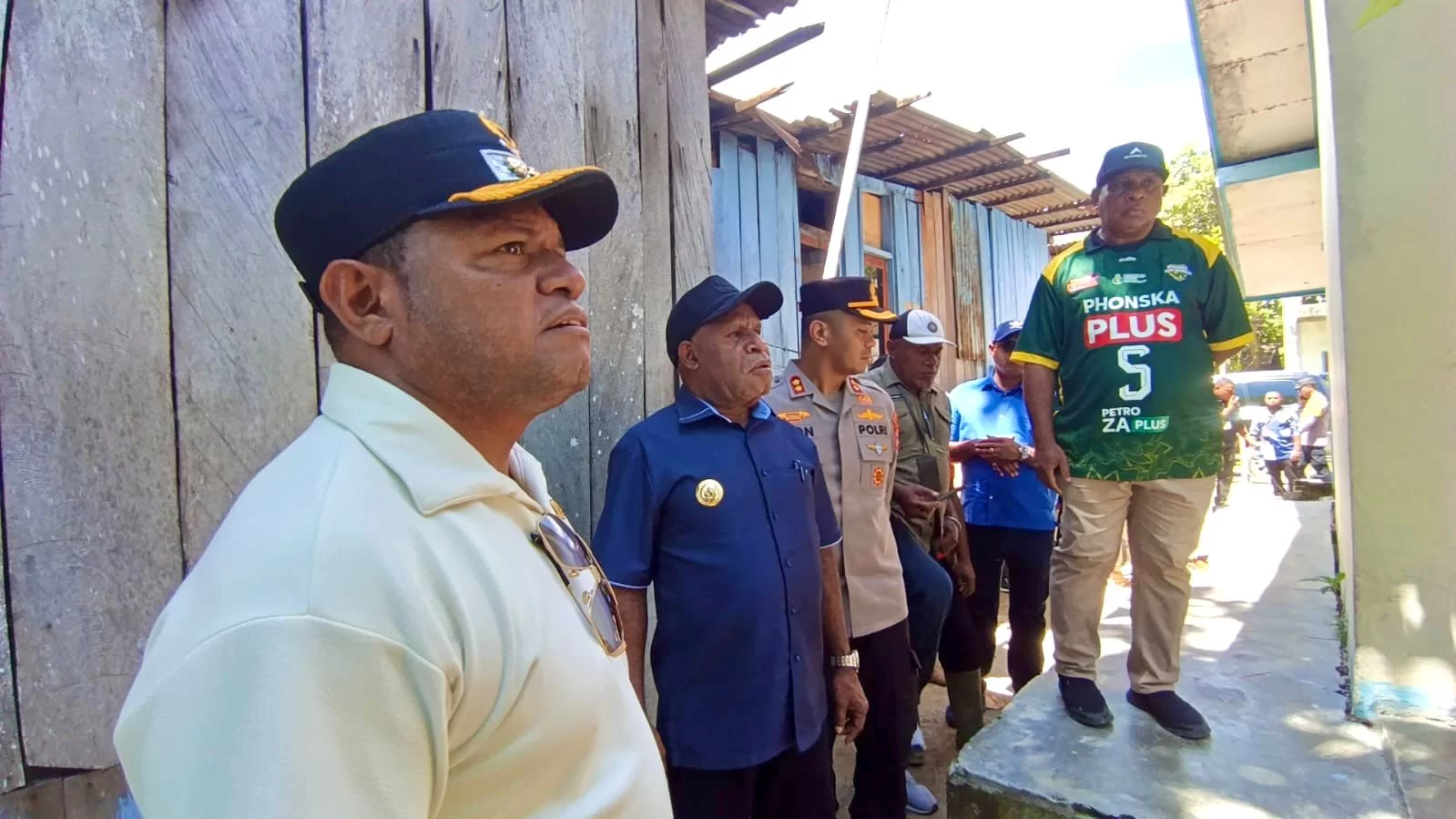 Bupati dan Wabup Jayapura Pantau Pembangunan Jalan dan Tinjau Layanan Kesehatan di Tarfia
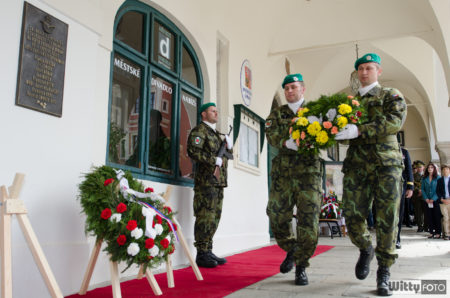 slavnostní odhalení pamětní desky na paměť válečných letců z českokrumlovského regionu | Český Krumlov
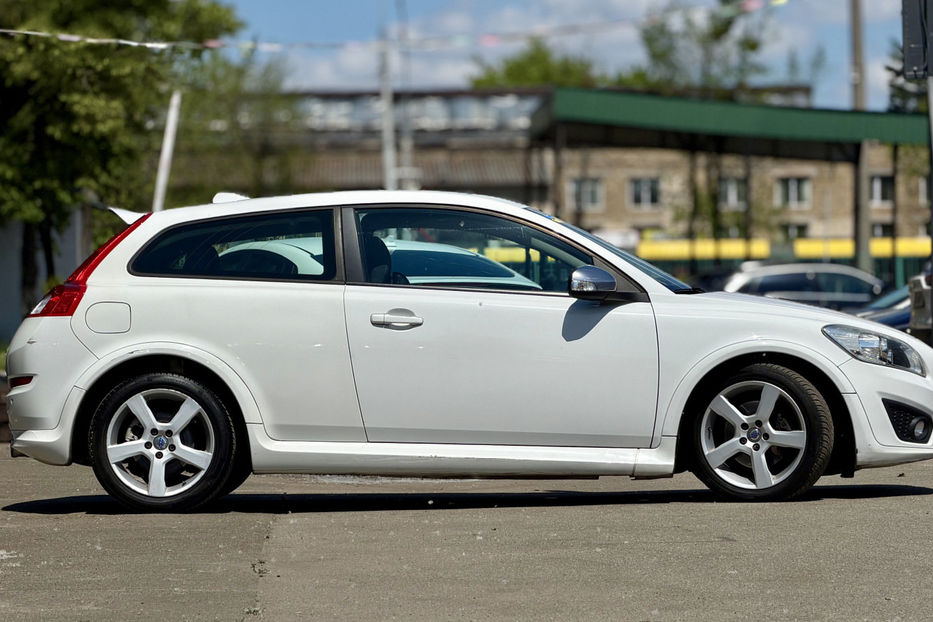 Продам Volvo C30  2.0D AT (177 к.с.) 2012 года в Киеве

────────

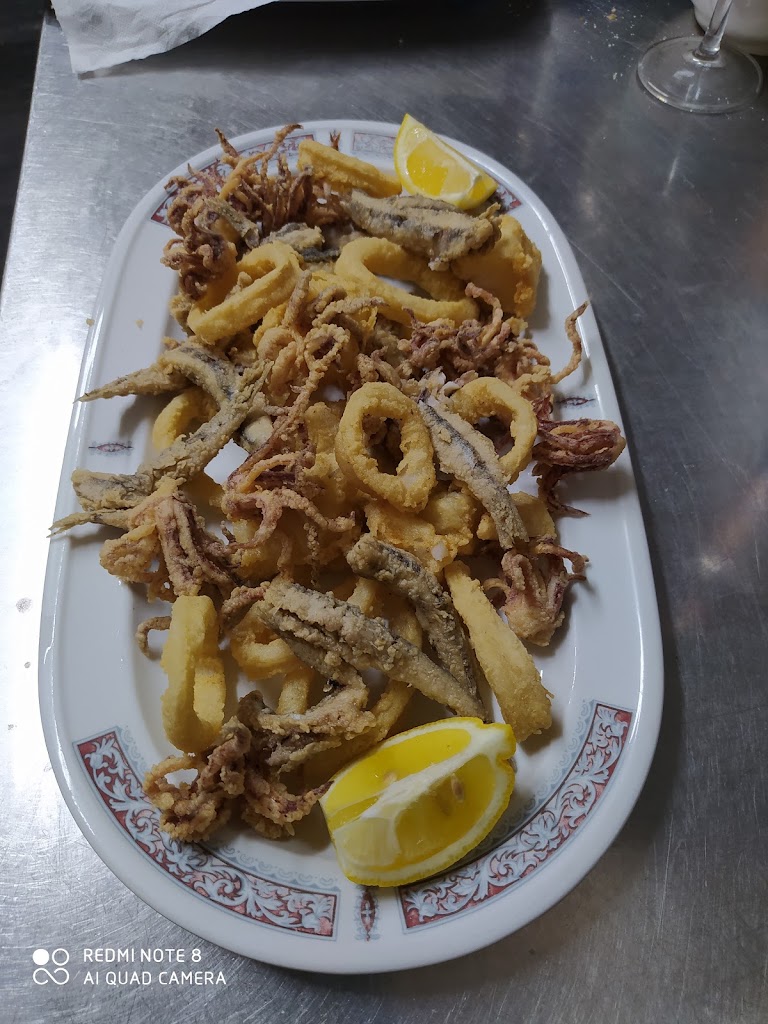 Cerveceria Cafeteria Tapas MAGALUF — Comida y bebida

────────

* [PROBLEM DETAILS] Transcribe exactly the lines above, beginning at the one with "Bupati dan Wabup" and going up to and including the one with "Продам Volvo C30". Pictures do not belong in the copy.

* [OUTPUT BELOW]
 Bupati dan Wabup Jayapura Pantau Pembangunan Jalan dan Tinjau Layanan Kesehatan di Tarfia
 slavnostní odhalení pamětní desky na paměť válečných letců z českokrumlovského regionu | Český Krumlov
 Продам Volvo C30  2.0D AT (177 к.с.) 2012 года в Киеве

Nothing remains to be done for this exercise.